Magistral! Superbe! Vraiment, j'ai été séduite par ton rythme et tes mots colorés. Le changement de point de vue est également très bien maitrisé puisque j'ai eu l'impression de vivre une année au complet à la lecture de ton texte!

Félicitations!

Éloïse

Plume ardente a dit...

Bonjour Marie-Ève, je suis d'accord avec Éloïse, ce texte est excellent, il y a une gradation des descriptions et sentiments qui s'y rattachent...

Je trouve qu'on devrait essayer de créer un certain "achalandage", faire en sorte que les gens viennent visiter notre site. Bref, le fair connaître. Mettre le lien vers les associations littéraires par exemple; y a-t-il moyen de faire une sorte de référencement ? En connaissant des sites d'intérêts littéraires, rédactionnels, on pourrait leur demander d'inscrire notre site dans leur page "autres liens". Qu'en penses-tu ? Qu'en pensent les autres collaborateurs ?
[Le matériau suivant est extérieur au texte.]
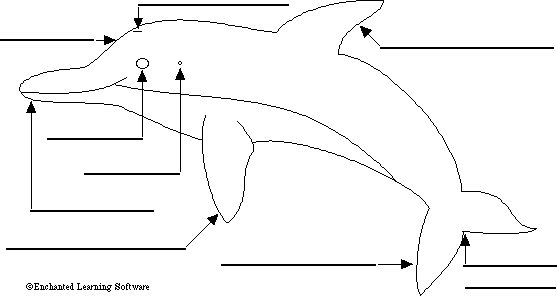 dolphin anatomy diagram to label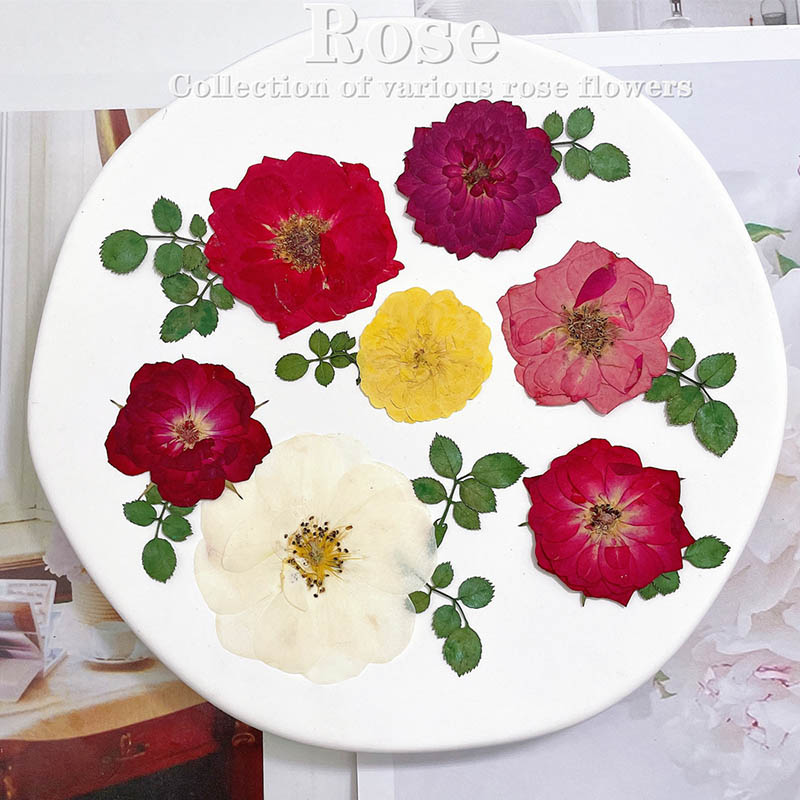 60pcs Geperst Gedroogd Rood Ge - Dried Flower Bookmark recensie en prijs
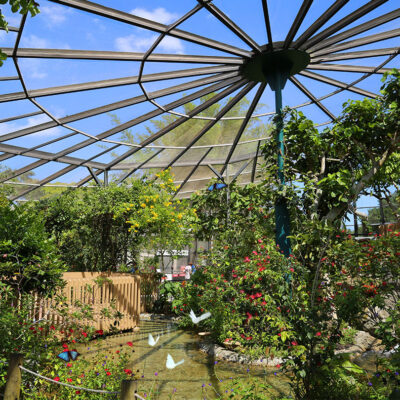 Coconut Creek - Buttefly World Coconut Creek - Buttefly World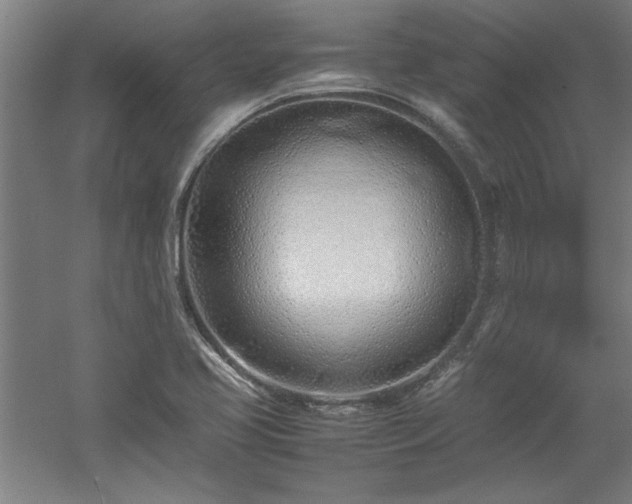 X0000052991413200507151843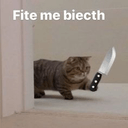fite me biecthq Slack emoji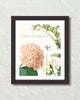 Spring Study Plate Canvas Art Print Set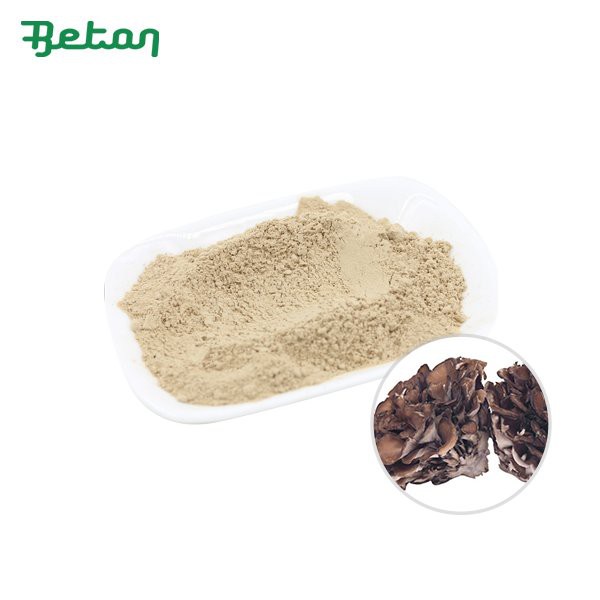 Orgaaniline Maitake seenepulber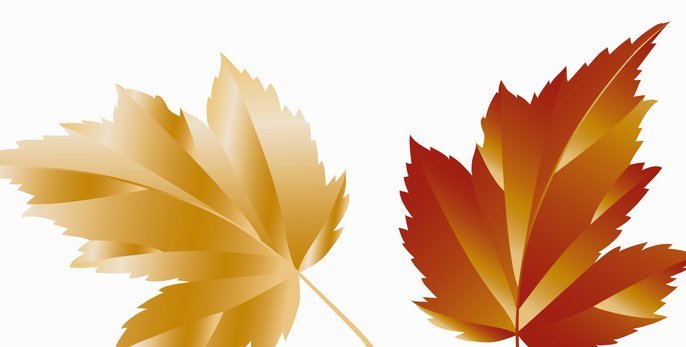 热苏斯透露想留下：仅差3球，他或将改写英超历史射手纪录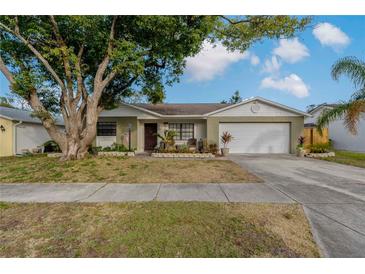 Charming single Gathering home with a well-maintained lawn and mature tree in a quiet neighborhood at 5036 Glenhurst Ln, New Port Richey, FL 34653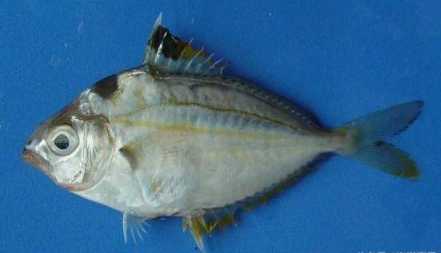 Equulites rivulatus: The Collared Ponyfish of Tropical Shores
Peut-on ajouter d'autres textes, d'autres photos ? Un site ou un blogue qui ne change pas, ne se renouvelle pas risque de s'éteindre, non ?

auteurs a dit...

Pour faire du référencement, on doit aller poster des commentaires sur d'autres sites/blogs et mettre notre lien en signature. Si vous voulez vous promener sur le net pour en trouver, allez-y! Vous êtes parmi les maîtres de ce site après tout!

Si Marie invite ses prochains élèves à m'envoyer leurs textes, je pourrai continuer de le renouveler. Sinon, ce n'est pas bien grave. Il va rester tout de même éternel.